问题
With CUDA, I'm trying to allocate arrays in a structure, but I'm having an issue and I don't know why. So here is a short code (stored in a file called struct.cuf
) that describe my problem. I'm compiling with the PGI 16.10 version
, and I'm using the following options : -O3 -Mcuda=cc60 -tp=x64 struct.cuf -o struct_out
module structure
contains
type mytype
integer :: alpha,beta,gamma
real,dimension(:),pointer :: a
end type mytype
type mytypeDevice
integer :: alpha,beta,gamma
real,dimension(:),pointer,device :: a
end type mytypeDevice
end module structure
program main
use cudafor
use structure
type(mytype) :: T(3)
type(mytypeDevice),device :: T_Device(3)
! For the host
do i=1,3
allocate(T(i)%a(10))
end do
T(1)%a=1; T(2)%a=2; T(3)%a=3
! For the device
print *, 'Everything from now is ok'
do i=1,3
allocate(T_Device(i)%a(10))
end do
!do i=1,3
! T_Device(i)%a=T(i)%a
!end do
end program main
The output error :
Everything from now is ok
Segmentation fault
What I am doing wrong here ?
The only solution I found (and working) is to stored the values in differents arrays and transfers them to the GPU, but it's very "Heavy". Mostly if I use a lot of structures like mytype.

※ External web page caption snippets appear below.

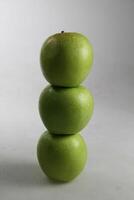 a stack of three green apples on white background photo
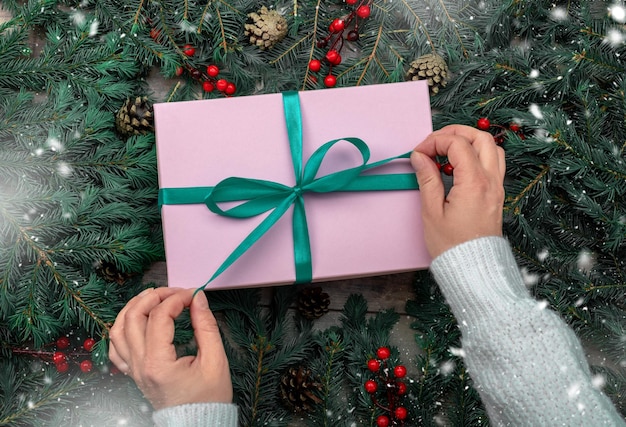 Christmas gift box in female hands Woman hands hold christmas or new year decorated gift box Christmas and New Year concept Womans hands open gift or present box decorated fir branches on table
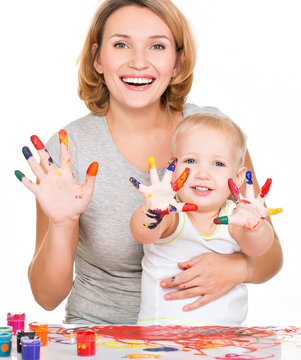 Happy young mother and child with painted hands.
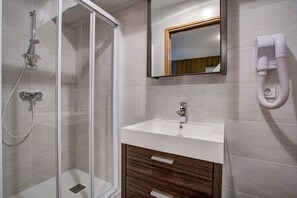 Bathroom features a glass-enclosed shower, handheld showerhead, and wall-mounted faucet.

EDIT : Code has been modified to use Vladimir F's solution. If I remove the device
attribute from T_Device(3)
declaration, then allocation seems ok and giving values too (commented lines below allocation). But I need that device
attribute for T_Device(3)
, because I'm gonna use it in kernels.
Thanks !
回答1:
I think you need a device pointer
type mytype_device
...
real,dimension(:),pointer, device :: a
end type
Never used CUDA Fortran in my life, but it seems obvious enough to wager.
回答2:
The problem here is how you have declared T_Device
. To use host side allocation you first populate a host memory copy of the device structure, and then copy it to device memory. This:
type(mytypeDevice) :: T_Device(3)
do i=1,3
allocate(T_Device(i)%a(10))
end do
will work correctly. This is a very standard design pattern in C++ based CUDA code, and the principle here is identical.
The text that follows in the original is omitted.